ANONYMOUS LETTER TO MR. BOONE IN LONDON (JUNE 24, 1720)1
I am now to acquaint you that very lately we have had a very wicked and barbarous plott of the designe of the negroes rising with a designe to destroy all the white people in the country and then to take the town [Charles Town] in full body but it pleased God it was discovered and many of them taken prisoners and some burnt some hang’d and some banish’d.

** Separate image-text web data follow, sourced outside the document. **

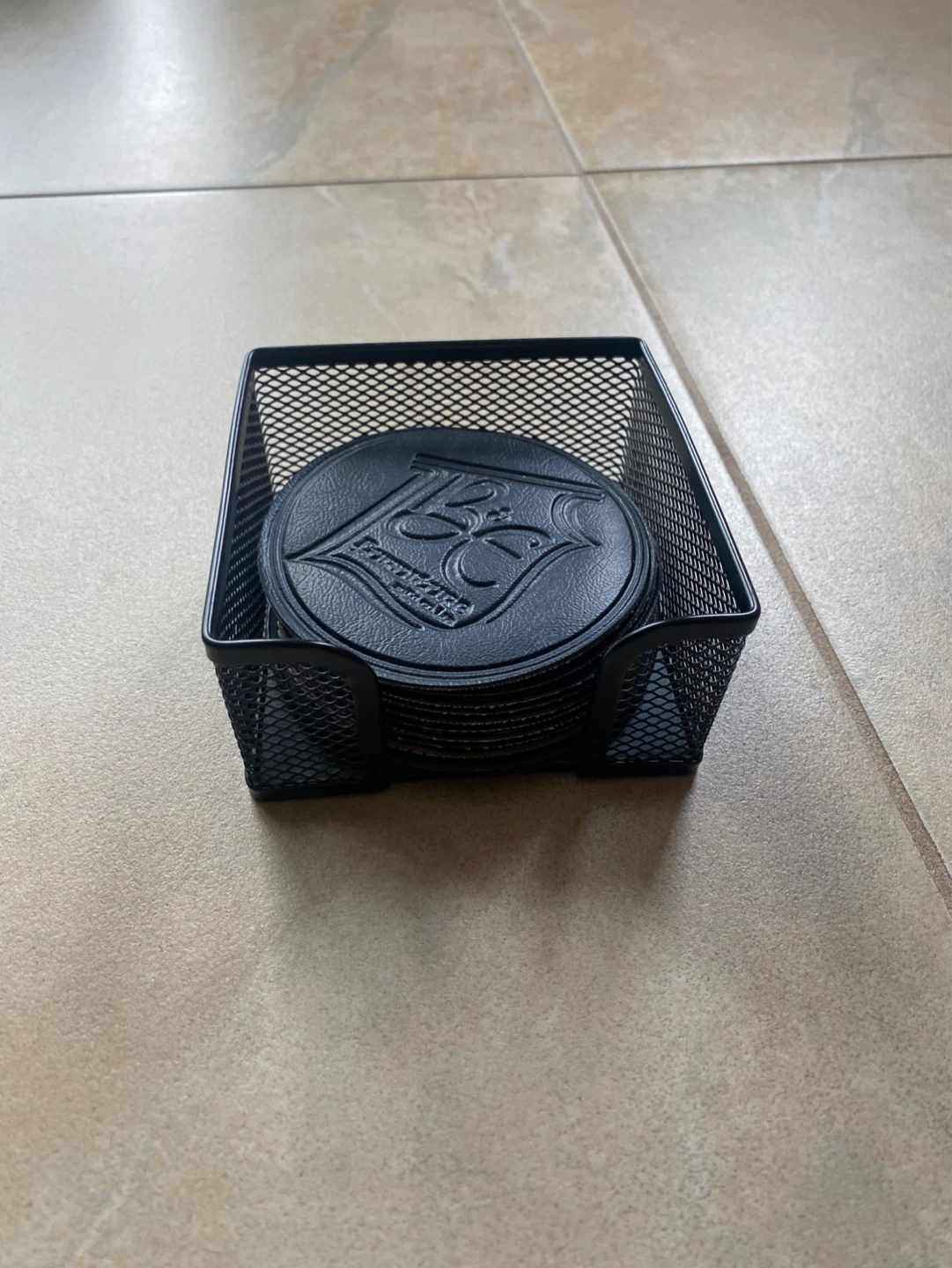 Set of 12 Leather Coasters with Caddy - photo 2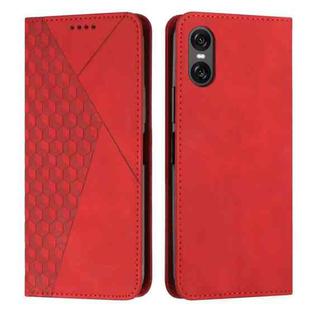 For Sony Xperia 10 VI Diamond Splicing Skin Feel Magnetic Leather Phone Case(Red)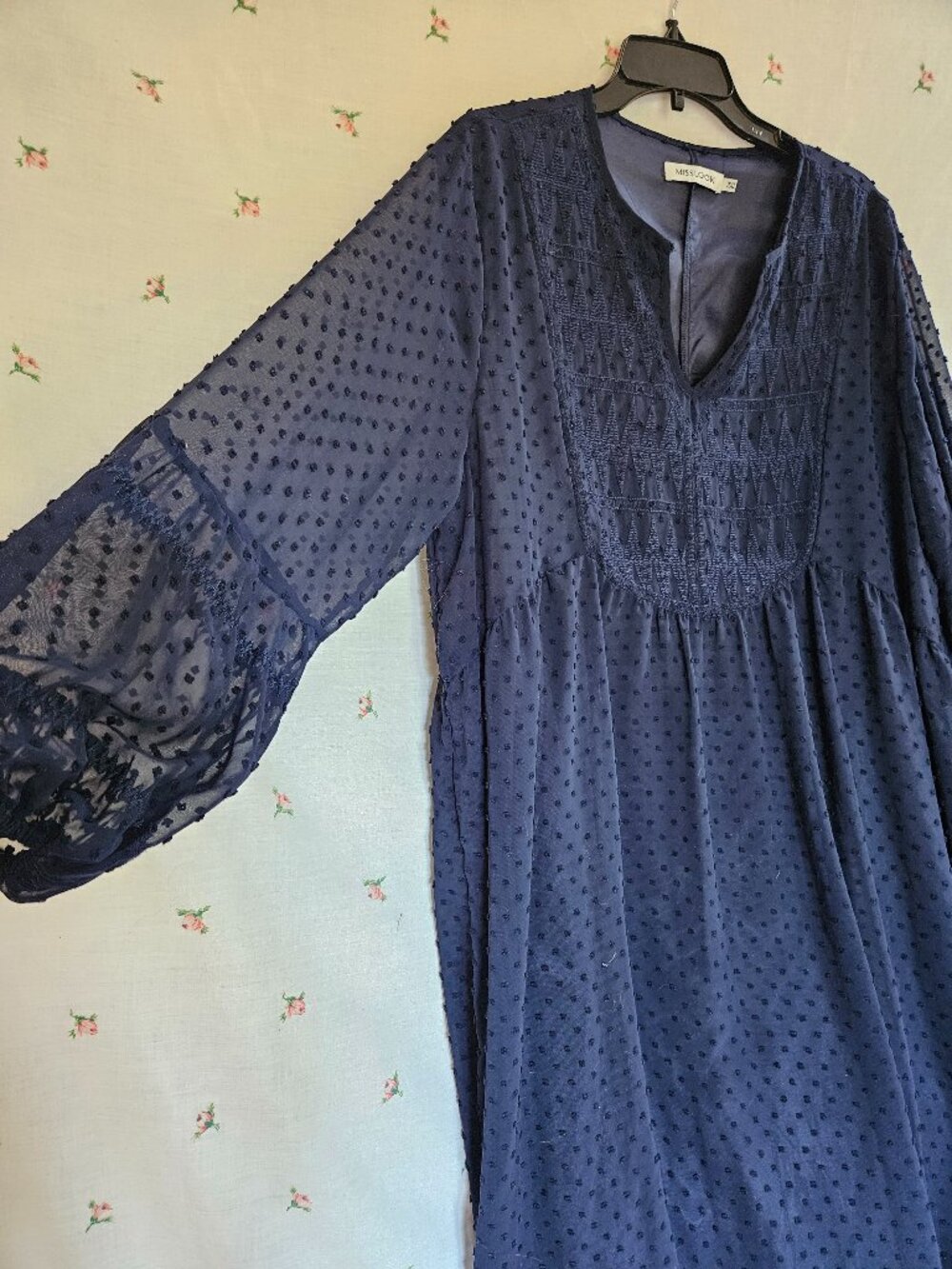 Size 2X to 3X Miss Look Navy Midi Dress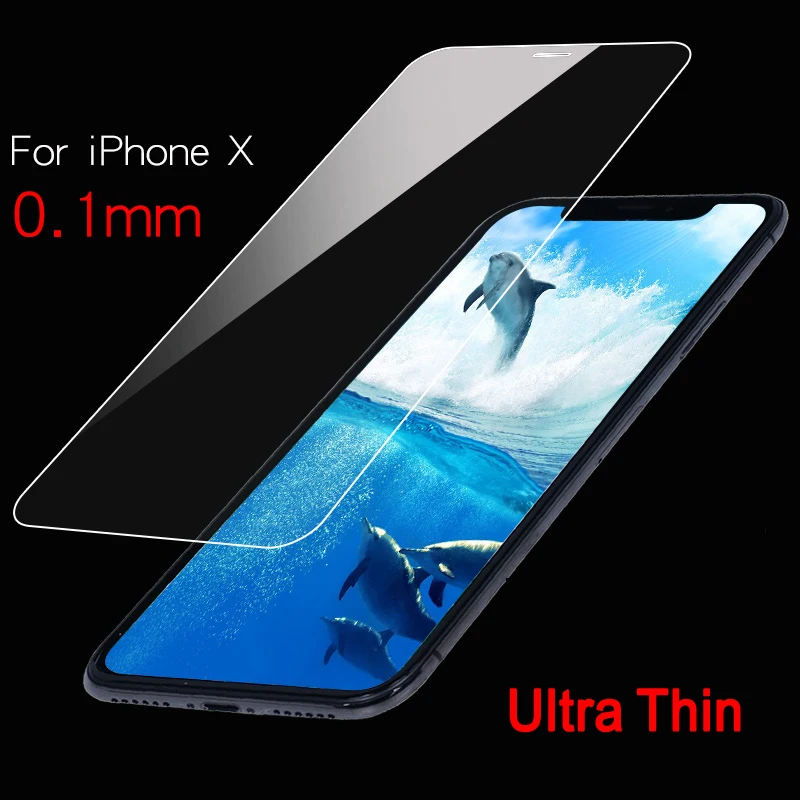Высококачественное ультратонкое 0 1 мм 9H закаленное стекло для iPhone X XS 11 12 Pro MAX XR 6 7 8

I think it proper for you to tell Mr. Percivall at home that his slaves was the principal rogues and ’tis my opinion his only way will be to sell them out singly or else I am doubtful his interest in slaves will come to little for want of strict management, [since] work does not agree with them. 14 of them are now at the Savanna towne and sent for white and Indians and will be executed as soon as they come down[.] [T]hey thought to gett to [St.] Augustine and would have got a creek fellow to have been their pylott but the Savanna garrison tooke the negroes up half starved and the Creeke Indians would not join them or be their pylott.
1 Anonymous Letter to Mr. Boone in London (June 24, 1720). In Herbert Aptheker, Negro Slave Revolts, 50th anniversary ed. (New York: International Publishers, 1993), p. 175. From the Public Records of South Carolina, vol. 8, pp. 24-27.